第28話 古都並の思い
その日は、少し違っていた。彼らの前に、予期せぬ古都並が現れたからだった。ちょうど黒崎寧音を連れて、村井と大学通りを歩いているときだった。まだ夕暮にはほど遠いというのに、それでも学生たちは頻繁に、そこを行き交っていた。別段どこへ向うという様子もなかった。

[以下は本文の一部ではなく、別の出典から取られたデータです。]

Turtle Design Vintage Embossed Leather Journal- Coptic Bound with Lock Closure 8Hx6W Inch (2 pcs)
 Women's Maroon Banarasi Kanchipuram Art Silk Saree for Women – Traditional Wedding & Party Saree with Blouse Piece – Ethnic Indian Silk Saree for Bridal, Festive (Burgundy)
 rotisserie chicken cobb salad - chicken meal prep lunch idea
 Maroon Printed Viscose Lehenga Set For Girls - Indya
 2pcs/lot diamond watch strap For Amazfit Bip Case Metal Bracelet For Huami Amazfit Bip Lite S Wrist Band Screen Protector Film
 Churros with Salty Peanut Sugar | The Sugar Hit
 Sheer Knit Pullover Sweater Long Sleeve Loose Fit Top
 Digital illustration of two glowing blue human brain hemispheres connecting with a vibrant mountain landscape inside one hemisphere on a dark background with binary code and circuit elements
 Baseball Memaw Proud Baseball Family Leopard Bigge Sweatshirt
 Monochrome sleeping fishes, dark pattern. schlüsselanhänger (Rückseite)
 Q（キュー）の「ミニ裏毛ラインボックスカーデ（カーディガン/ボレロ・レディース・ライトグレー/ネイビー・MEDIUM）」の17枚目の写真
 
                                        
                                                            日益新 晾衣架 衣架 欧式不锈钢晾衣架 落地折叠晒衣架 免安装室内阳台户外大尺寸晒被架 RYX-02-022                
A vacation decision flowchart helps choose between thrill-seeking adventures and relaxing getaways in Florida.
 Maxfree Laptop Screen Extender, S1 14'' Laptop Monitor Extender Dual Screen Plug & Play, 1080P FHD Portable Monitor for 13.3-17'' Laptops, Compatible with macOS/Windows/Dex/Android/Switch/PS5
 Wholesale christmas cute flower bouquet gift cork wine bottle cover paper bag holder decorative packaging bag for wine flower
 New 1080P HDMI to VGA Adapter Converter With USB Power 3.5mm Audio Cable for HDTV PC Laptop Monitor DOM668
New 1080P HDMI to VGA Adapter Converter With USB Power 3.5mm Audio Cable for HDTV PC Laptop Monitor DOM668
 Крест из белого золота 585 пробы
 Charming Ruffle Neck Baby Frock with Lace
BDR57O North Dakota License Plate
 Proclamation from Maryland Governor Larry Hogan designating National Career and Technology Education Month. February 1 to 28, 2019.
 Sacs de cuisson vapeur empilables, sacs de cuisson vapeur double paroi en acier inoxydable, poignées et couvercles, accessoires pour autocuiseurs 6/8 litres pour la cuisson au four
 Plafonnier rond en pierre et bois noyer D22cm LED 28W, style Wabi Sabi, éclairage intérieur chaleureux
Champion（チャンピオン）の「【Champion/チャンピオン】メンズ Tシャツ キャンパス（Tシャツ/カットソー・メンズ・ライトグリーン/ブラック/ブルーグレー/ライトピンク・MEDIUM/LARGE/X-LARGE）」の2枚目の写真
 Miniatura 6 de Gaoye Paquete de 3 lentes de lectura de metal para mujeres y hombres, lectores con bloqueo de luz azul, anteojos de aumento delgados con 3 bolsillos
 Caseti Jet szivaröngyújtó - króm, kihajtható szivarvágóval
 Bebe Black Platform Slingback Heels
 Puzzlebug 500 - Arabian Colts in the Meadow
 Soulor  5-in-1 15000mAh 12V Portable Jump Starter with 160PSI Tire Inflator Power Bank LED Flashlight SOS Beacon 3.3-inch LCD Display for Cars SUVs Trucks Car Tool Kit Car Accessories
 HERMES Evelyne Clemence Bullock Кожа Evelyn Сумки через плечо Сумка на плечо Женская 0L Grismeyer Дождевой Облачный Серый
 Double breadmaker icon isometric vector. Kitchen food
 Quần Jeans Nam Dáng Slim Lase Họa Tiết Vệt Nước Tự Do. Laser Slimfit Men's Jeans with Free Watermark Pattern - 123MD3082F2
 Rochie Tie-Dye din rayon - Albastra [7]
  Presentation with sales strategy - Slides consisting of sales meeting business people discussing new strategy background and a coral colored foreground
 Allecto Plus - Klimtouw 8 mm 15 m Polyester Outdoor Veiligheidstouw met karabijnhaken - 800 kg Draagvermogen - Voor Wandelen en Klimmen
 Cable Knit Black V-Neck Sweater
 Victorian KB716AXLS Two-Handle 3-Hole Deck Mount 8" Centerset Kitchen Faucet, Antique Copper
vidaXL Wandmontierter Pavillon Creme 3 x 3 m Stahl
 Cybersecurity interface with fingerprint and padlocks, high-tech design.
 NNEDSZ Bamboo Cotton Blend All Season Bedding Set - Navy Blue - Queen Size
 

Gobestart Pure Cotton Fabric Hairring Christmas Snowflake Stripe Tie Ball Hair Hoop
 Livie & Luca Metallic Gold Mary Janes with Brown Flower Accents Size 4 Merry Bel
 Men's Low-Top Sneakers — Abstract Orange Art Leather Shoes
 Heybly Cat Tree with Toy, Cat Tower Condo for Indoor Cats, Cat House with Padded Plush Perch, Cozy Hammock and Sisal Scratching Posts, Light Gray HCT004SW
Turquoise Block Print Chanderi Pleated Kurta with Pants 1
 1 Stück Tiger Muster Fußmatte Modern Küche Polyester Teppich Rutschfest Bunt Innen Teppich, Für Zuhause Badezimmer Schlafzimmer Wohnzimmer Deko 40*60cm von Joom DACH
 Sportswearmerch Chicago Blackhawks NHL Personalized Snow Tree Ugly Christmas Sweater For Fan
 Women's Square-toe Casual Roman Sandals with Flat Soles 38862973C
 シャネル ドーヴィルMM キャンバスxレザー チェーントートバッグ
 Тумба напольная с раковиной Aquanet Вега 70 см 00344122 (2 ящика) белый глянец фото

古都並の用件は、やはり薫の消息のことだったから、山田もただの傍観者とはいかない。薫にあれから、会わなかったでしょうかと、尋ねてきた。当然、山田は、いや出会わないと嘘を吐くしかなかった。そう言ってしまえば、諦めると決めて掛かっていた。が、その日に限って、古都並は強情に粘った。きっとあれからも、ずっと何の手掛かりも得られず、薫を捜し続けていたのだろう。その焦る気持ちが、古都並を強情にさせたに違いなかった。あまりにしつこい古都並に、村井が露骨に不快感を表した。せっかくの楽しい時間を、邪魔されたのが気に障ったのだ。
「もう話は終わったんだろう!」
それでも、なかなか去ろうとしない古都並に、村井は苛立ち始めた。が、それとは対照的に黒崎寧音は、この珍客に興味を示したのだ。彼女の凛々しい顔が、一瞬輝いたように見えた。
「誰?」
「誰でもないよ。さあ、あっちへ行こう」
それを、村井は許すはずがなかった。村井はその丸くふくよかな顔が、どす黒く煙ったみたいに見えた。
「僕、古都並です」
古都並は、自分の名前を聞かれたのだと思って、それで黒崎寧音に答えたのだ。ただそれだけのつもりだった。それが、村井を激怒させた。古都並が、黒崎寧音に言い寄ろうとしたと勘違いしたのだ。そうでなくとも、村井の許しも得ずに勝手に彼女と口を利くのは、罪と考えていたに違いなかった。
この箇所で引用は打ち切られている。